Here we make a test for z being an outlier in all four different car classes (the hypothesis are exclusive so no need for multiple hypothesis correction). The red areas are the significance levels (here α = 0.05) and the dotted lines represents the observed deviance of z within the respective outlier test. We see that z is rejected in all but the true class of z. The odd looking densities is due to the fact that car does not contain that many variables. See other examples in the documentation of the vignettes. Notice also, for some tests, there are no dotted line. This simply means, that the observed deviance is larger than all values and it would disturb the plot if included.
mm <- fit_multiple_models(car, z, response = "class", alpha = 0.05)
#> 1 / 4 ...
#> 2 / 4 ...
#> 3 / 4 ...
#> 4 / 4 ...
plot(mm)
#> Picking joint bandwidth of 0.0489The fit_graph procedure can be used as a variable selection tool. The idea is, to fit an interaction graph with the class variable of interest included. The most influential variables on the class variable is then given by the neighboring variables. Lets investigate which variables influences how the cars are labelled.

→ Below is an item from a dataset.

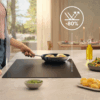 Kookplaat met pan en antireflectiecoating – Electrolux EIS87553IZ vermindert schittering tot 80%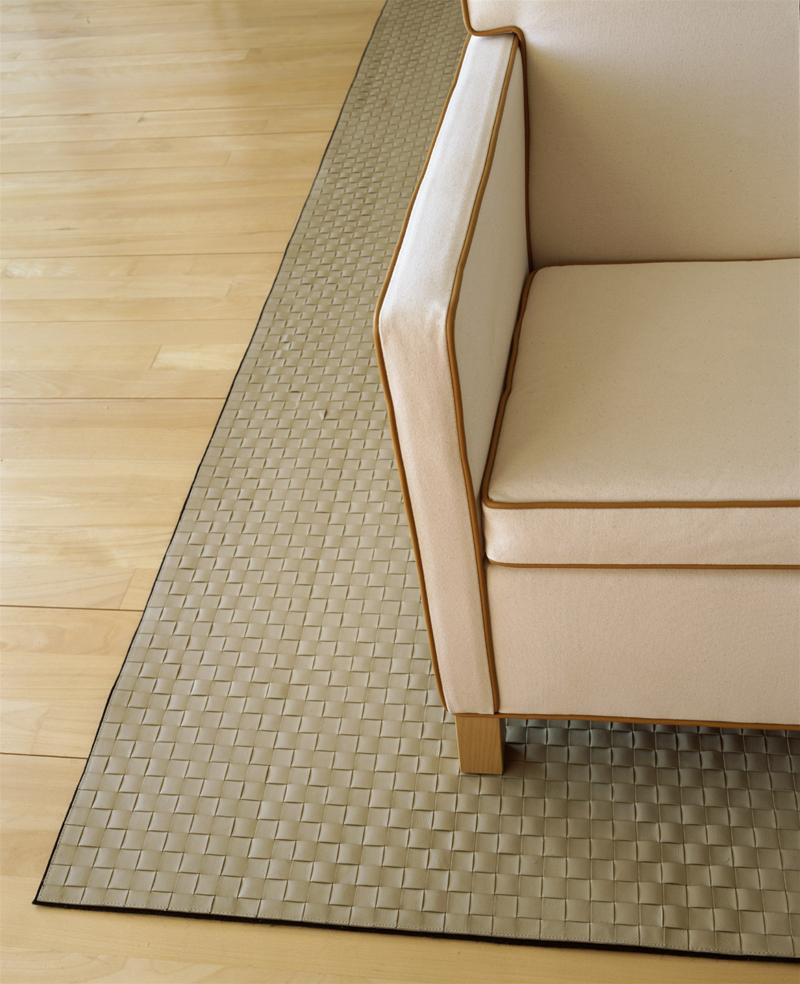 Detailansicht: Krefeld Sessel mit beigem Stoffbezug und braunen Akzenten, Designklassiker für Wohnzimmer.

G_car <- fit_graph(car, trace = FALSE)
plot(G_car)So the class of a car is actually determined by all variables except for doors (the number of doors in the car). The neighbors of class can be extracted as follows
adj_lst(G_car)$class
#> [1] "safety" "persons" "buying" "maint" "lug"We can also state e.g. that the safety of a car is independent of the price (the buying varible) when the class of the car is known; this phenomena is also known as conditional independence.